The Beijing ban on Australian coal is reshaping dry bulk trading patterns. Alphabulk reports that Australian coal exports to China slumped 30% last year. The unofficial ban was first detected in June, and became more obvious by September. More than 1,500 seafarers have found themselves caught up in the trade spat, with queues of coal carriers lying off the Chinese coastline unable to offload their cargoes for months on end.
“Seafarers are caught in the middle of a political dispute,” Ben Bailey, director of advocacy and regional engagement at The Mission to Seafarers, told Splash last month.
The Australian port of Gladstone reported a third month of no exports to China in January, marking a complete absence of coal cargoes to the country since October, Alphabulk reported.

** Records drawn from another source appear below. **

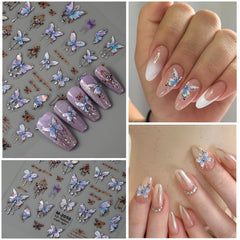 VOTACOS full sheet with assorted butterfly patterns for flexible nail styling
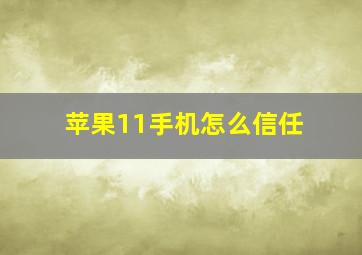 苹果11手机怎么信任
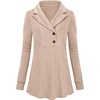 image:imageMicoson Womens Long Sleeve Button Lapel Tunic Tops V Neck Business Casual Swing Sweatshirt PulloverApricot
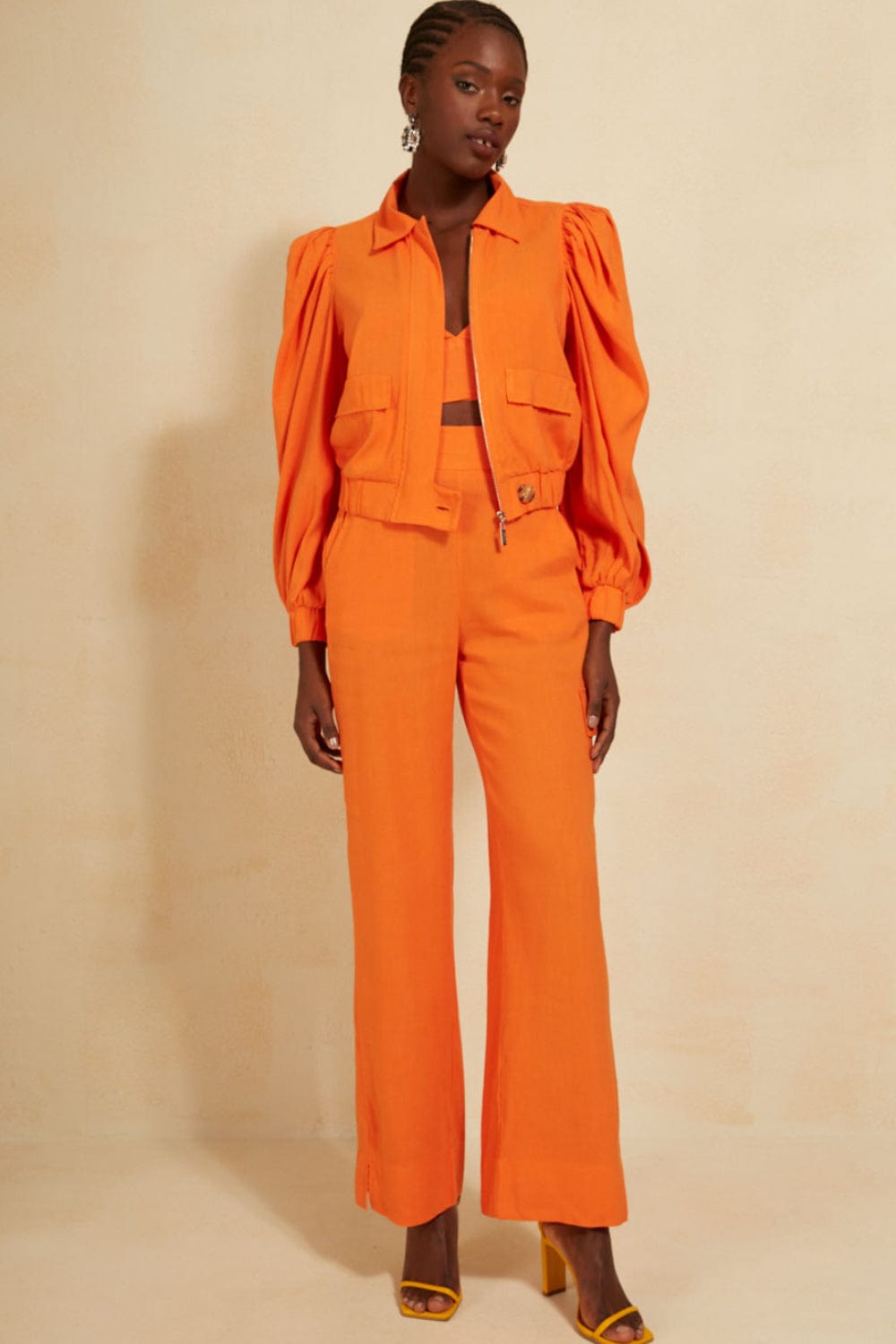 L'Cecci - Calça Reta Alfaiataria Laranja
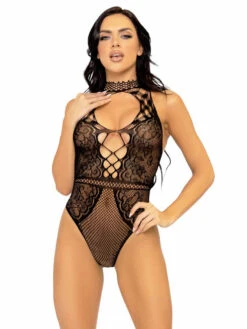 LA89307, Keyhole Halter Bodysuit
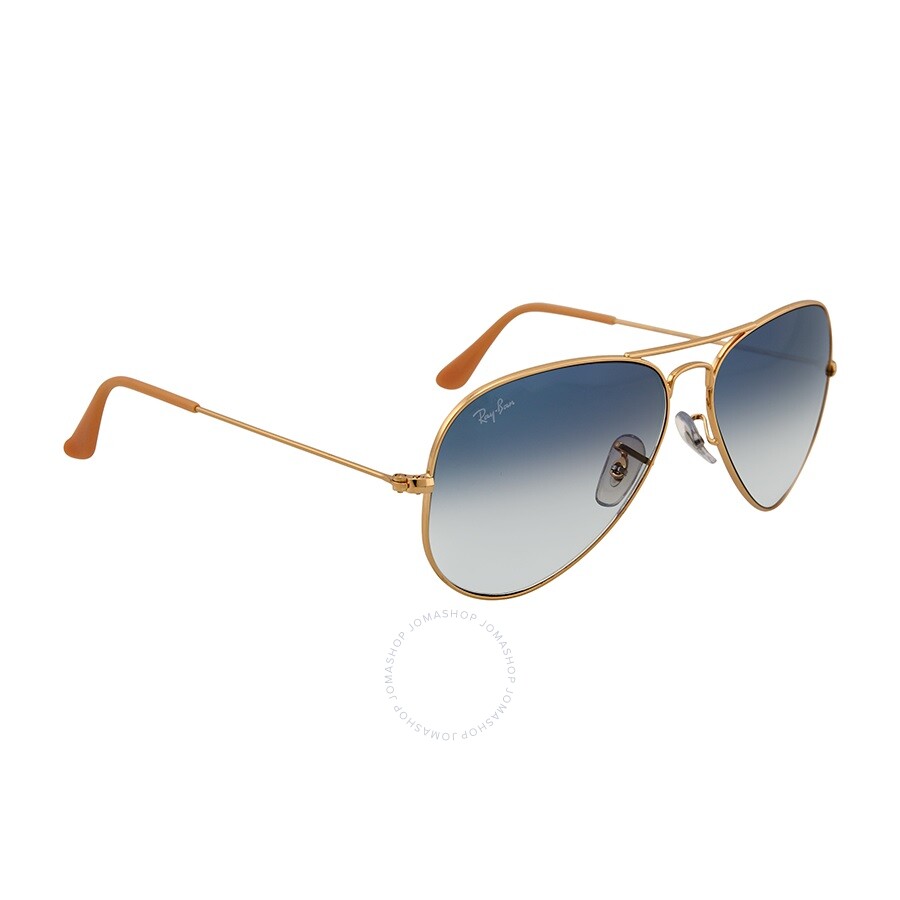 Ray Ban Aviator Gradient Light Blue Unisex Sunglasses Rb3025 001/3f 58 In Blue
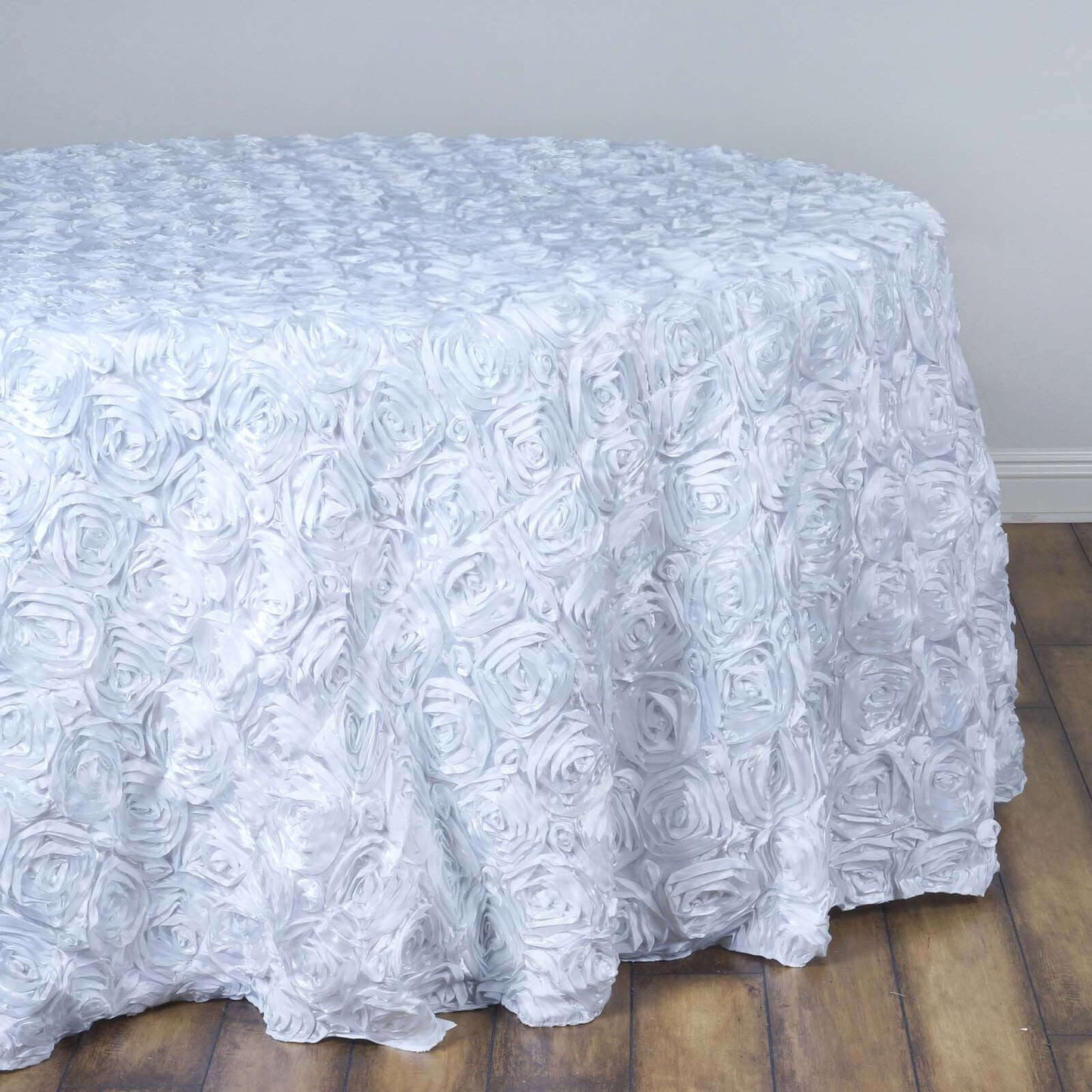 Satin 132" Round Tablecloth White - Grandiose 3D Rosette Design with Seamless Finish for Chic Occasions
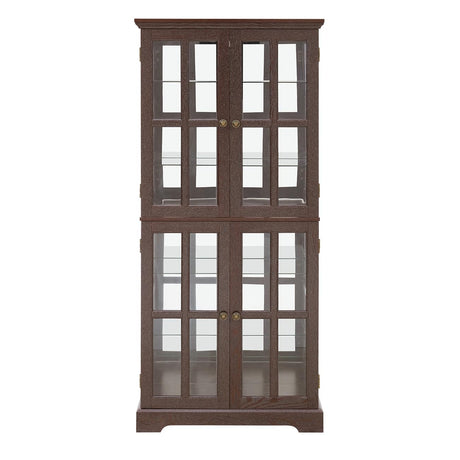 Lighted Glass Curio Cabinet with Lights & Adjustable Shelves,Curio Display Cabinet with Wood Frame & Glass Door,Corner Antique Display Case for Kitchen,Living Room,Office YiaFurio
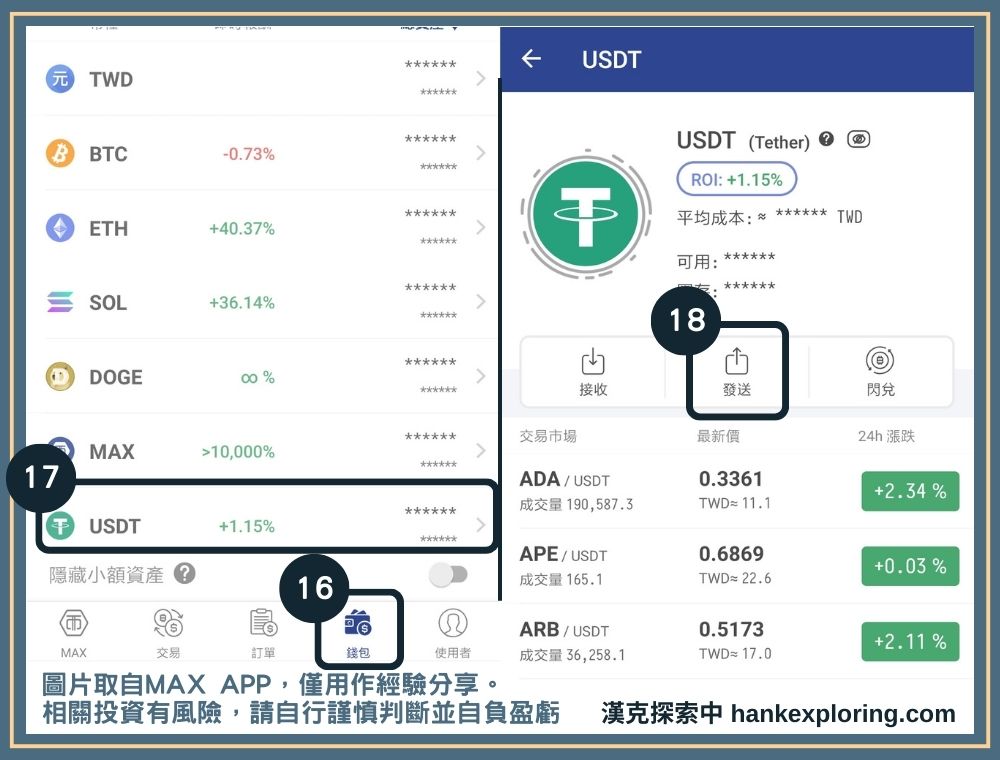 進入 USDT 發送頁面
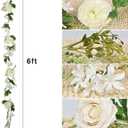 Lvydec 2 Pack Artificial Peony Garland - 6ft Silk White Peony Flower Arch Vine for Wedding Party Table Decoration, 72 inches
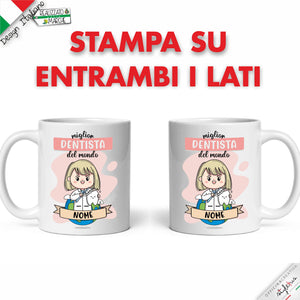 Tazza Dentista donna Personalizzata nel Nome e Capelli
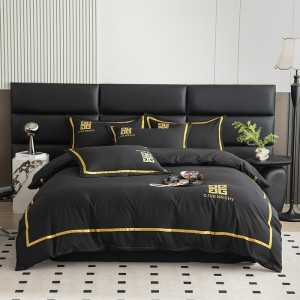 New light luxury hotel style solid color washed cotton skin-friendly brushed embroidery four-piece suit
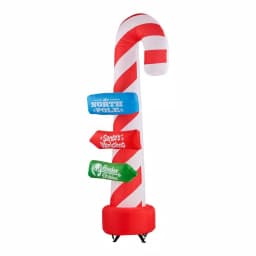 Airblown 8 ft. Inflatable Candy Cane with Directional Stacking Signs Holiday Decoration thumbnail 3
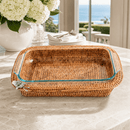 Orchid Hand Woven Wicker Rattan 3 Quart Casserole Dish Holder with Glass Baking Dish
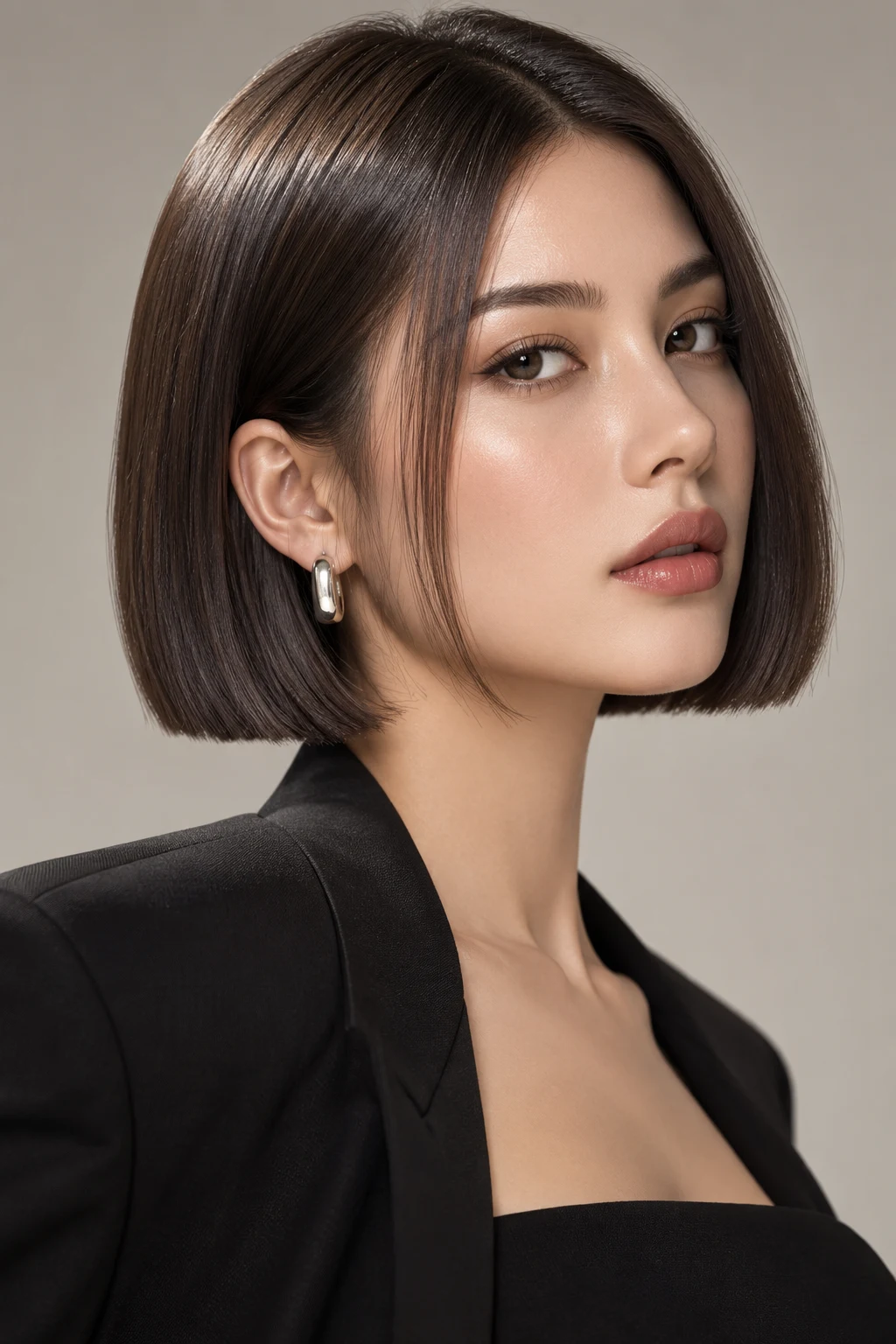 Sleek Glass Bob — formal hairstyles for short hair style outfit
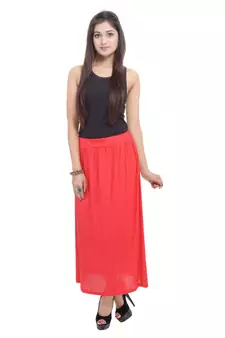 Red plain cotton lycra skirts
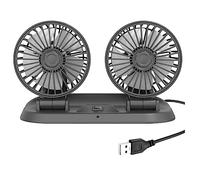 Jrifedptry 1 pezzo multi-funzione doppia testa ventilatore elettrico auto ventilatore camion forte vento interfaccia USB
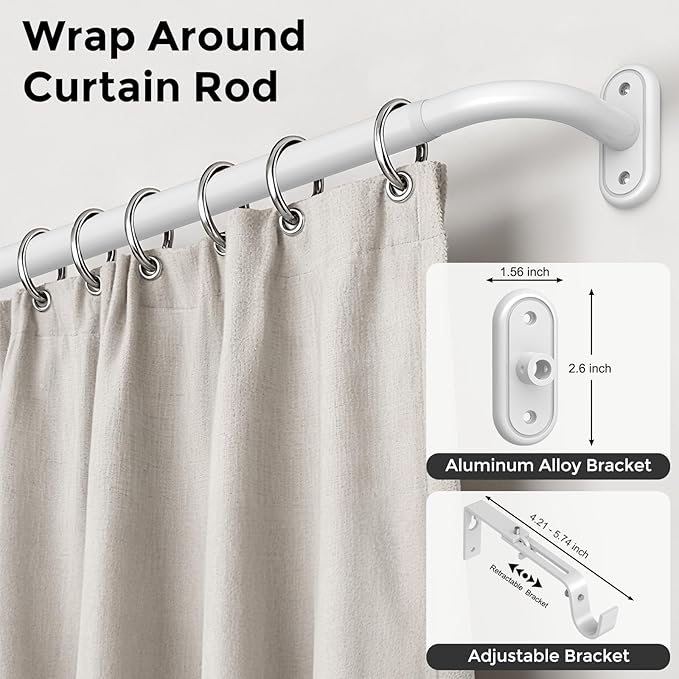 Curtain Rods 32-46 Inch, 1 Inch Adjustable Heavy Duty Room Darkening Window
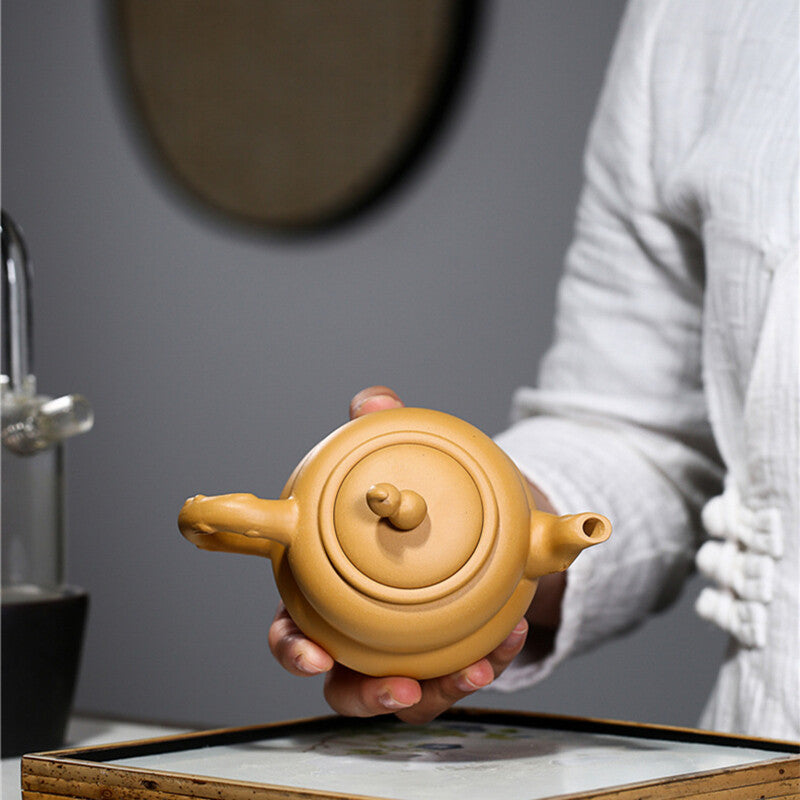 240ml Yixing Handmade Zisha Gourd Teapot Purple Clay Pot Bottle Kung Fu Tea Set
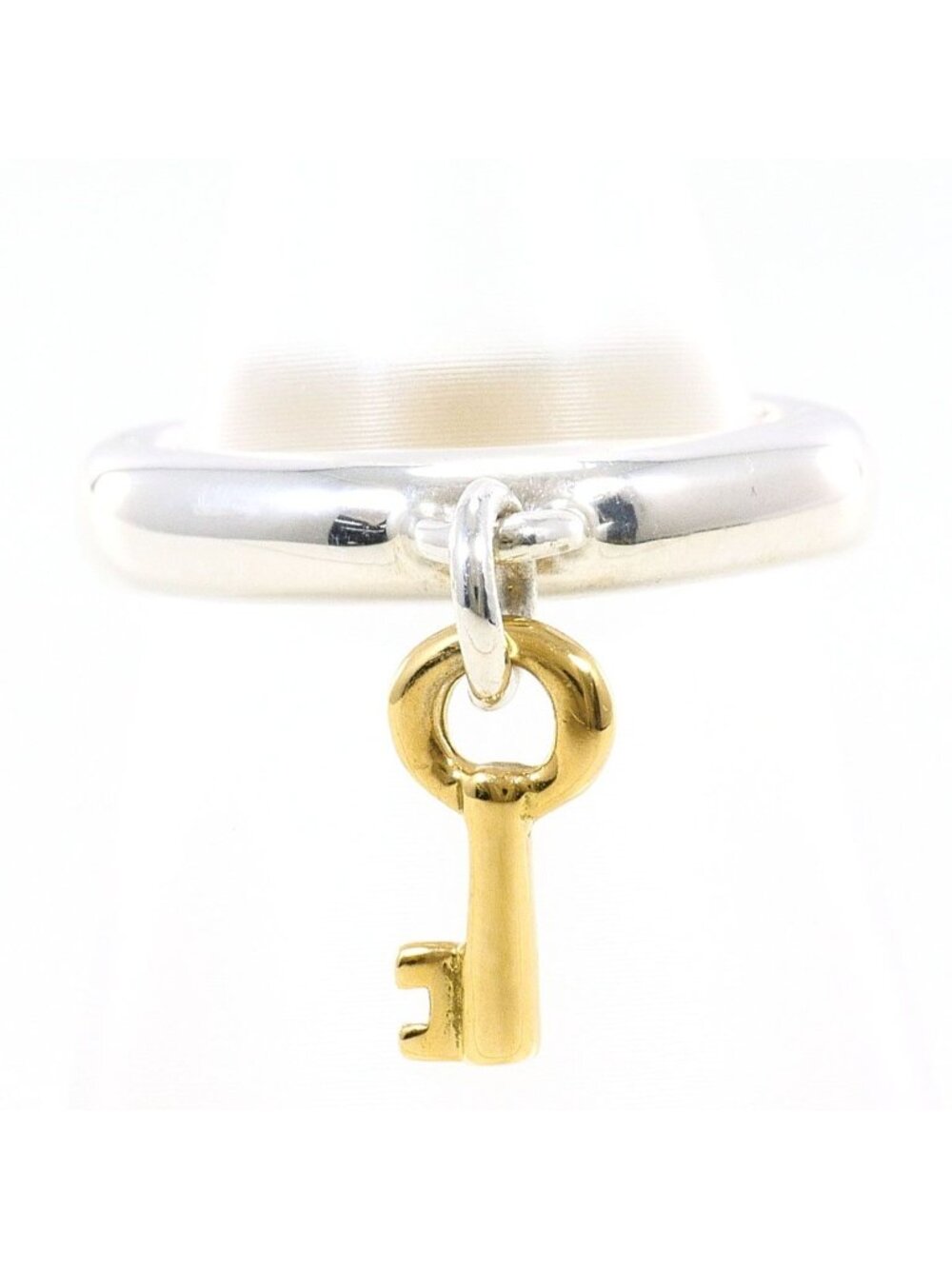 Tiffany & Co Key 18K Yellow Gold 925 Sterling Silver Ring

Furthermore, no other Australian port recorded significant volumes to China in the month.
Additional purchases by India and Japan from Gladstone offset some of the losses.
While there have been some reports suggesting China will allow more Australian coal cargoes to dock, mapping data from MarineTraffic today shows Bohai Bay is the world’s largest shipping parking lot.
Bohai Bay terminals are where most coal carriers have been held up in recent months. The round circles in the image below indicate anchored ships – a problem exacerbated in recent weeks with growing boxship congestion being recorded at many terminals across the People’s Republic.